(Short descriptive text snippets)
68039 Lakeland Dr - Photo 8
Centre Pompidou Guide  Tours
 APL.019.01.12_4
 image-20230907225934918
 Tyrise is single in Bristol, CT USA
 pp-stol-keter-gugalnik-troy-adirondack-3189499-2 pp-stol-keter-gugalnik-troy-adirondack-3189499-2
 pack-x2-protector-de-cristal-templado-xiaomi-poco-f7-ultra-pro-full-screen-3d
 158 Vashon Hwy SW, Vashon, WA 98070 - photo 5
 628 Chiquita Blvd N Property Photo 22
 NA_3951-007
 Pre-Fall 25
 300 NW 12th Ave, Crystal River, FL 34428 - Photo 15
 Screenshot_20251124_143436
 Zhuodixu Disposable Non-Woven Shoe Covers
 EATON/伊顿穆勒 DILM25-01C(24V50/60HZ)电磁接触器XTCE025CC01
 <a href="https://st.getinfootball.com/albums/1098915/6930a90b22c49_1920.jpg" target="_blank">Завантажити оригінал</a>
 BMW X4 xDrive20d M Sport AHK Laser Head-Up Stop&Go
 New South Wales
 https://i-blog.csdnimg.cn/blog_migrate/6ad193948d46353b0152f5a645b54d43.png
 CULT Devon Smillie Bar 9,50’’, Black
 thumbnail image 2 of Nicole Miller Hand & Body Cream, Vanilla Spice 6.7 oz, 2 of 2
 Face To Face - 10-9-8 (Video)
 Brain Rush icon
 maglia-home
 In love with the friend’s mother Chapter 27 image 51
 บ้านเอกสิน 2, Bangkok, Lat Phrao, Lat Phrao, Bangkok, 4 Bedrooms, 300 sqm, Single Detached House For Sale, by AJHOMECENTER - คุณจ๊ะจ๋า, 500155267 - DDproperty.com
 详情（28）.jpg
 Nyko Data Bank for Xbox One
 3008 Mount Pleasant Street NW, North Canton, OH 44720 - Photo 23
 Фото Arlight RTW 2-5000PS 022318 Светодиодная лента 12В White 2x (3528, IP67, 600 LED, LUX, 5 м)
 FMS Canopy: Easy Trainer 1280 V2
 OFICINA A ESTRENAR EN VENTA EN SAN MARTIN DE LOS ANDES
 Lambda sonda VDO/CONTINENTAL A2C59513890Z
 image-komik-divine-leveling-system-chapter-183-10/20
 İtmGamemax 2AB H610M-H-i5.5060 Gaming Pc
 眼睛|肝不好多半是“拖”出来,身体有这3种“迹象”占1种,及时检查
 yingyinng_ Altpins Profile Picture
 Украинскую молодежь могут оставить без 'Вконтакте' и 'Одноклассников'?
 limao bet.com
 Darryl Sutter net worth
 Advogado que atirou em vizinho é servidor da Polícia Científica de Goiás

- Task description: Copy down the complete data exactly as supplied.

- Your solution:
68039 Lakeland Dr - Photo 8
Centre Pompidou Guide  Tours
 APL.019.01.12_4
 image-20230907225934918
 Tyrise is single in Bristol, CT USA
 pp-stol-keter-gugalnik-troy-adirondack-3189499-2 pp-stol-keter-gugalnik-troy-adirondack-3189499-2
 pack-x2-protector-de-cristal-templado-xiaomi-poco-f7-ultra-pro-full-screen-3d
 158 Vashon Hwy SW, Vashon, WA 98070 - photo 5
 628 Chiquita Blvd N Property Photo 22
 NA_3951-007
 Pre-Fall 25
 300 NW 12th Ave, Crystal River, FL 34428 - Photo 15
 Screenshot_20251124_143436
 Zhuodixu Disposable Non-Woven Shoe Covers
 EATON/伊顿穆勒 DILM25-01C(24V50/60HZ)电磁接触器XTCE025CC01
 <a href="https://st.getinfootball.com/albums/1098915/6930a90b22c49_1920.jpg" target="_blank">Завантажити оригінал</a>
 BMW X4 xDrive20d M Sport AHK Laser Head-Up Stop&Go
 New South Wales
 https://i-blog.csdnimg.cn/blog_migrate/6ad193948d46353b0152f5a645b54d43.png
 CULT Devon Smillie Bar 9,50’’, Black
 thumbnail image 2 of Nicole Miller Hand & Body Cream, Vanilla Spice 6.7 oz, 2 of 2
 Face To Face - 10-9-8 (Video)
 Brain Rush icon
 maglia-home
 In love with the friend’s mother Chapter 27 image 51
 บ้านเอกสิน 2, Bangkok, Lat Phrao, Lat Phrao, Bangkok, 4 Bedrooms, 300 sqm, Single Detached House For Sale, by AJHOMECENTER - คุณจ๊ะจ๋า, 500155267 - DDproperty.com
 详情（28）.jpg
 Nyko Data Bank for Xbox One
 3008 Mount Pleasant Street NW, North Canton, OH 44720 - Photo 23
 Фото Arlight RTW 2-5000PS 022318 Светодиодная лента 12В White 2x (3528, IP67, 600 LED, LUX, 5 м)
 FMS Canopy: Easy Trainer 1280 V2
 OFICINA A ESTRENAR EN VENTA EN SAN MARTIN DE LOS ANDES
 Lambda sonda VDO/CONTINENTAL A2C59513890Z
 image-komik-divine-leveling-system-chapter-183-10/20
 İtmGamemax 2AB H610M-H-i5.5060 Gaming Pc
 眼睛|肝不好多半是“拖”出来,身体有这3种“迹象”占1种,及时检查
 yingyinng_ Altpins Profile Picture
 Украинскую молодежь могут оставить без 'Вконтакте' и 'Одноклассников'?
 limao bet.com
 Darryl Sutter net worth
 Advogado que atirou em vizinho é servidor da Polícia Científica de Goiás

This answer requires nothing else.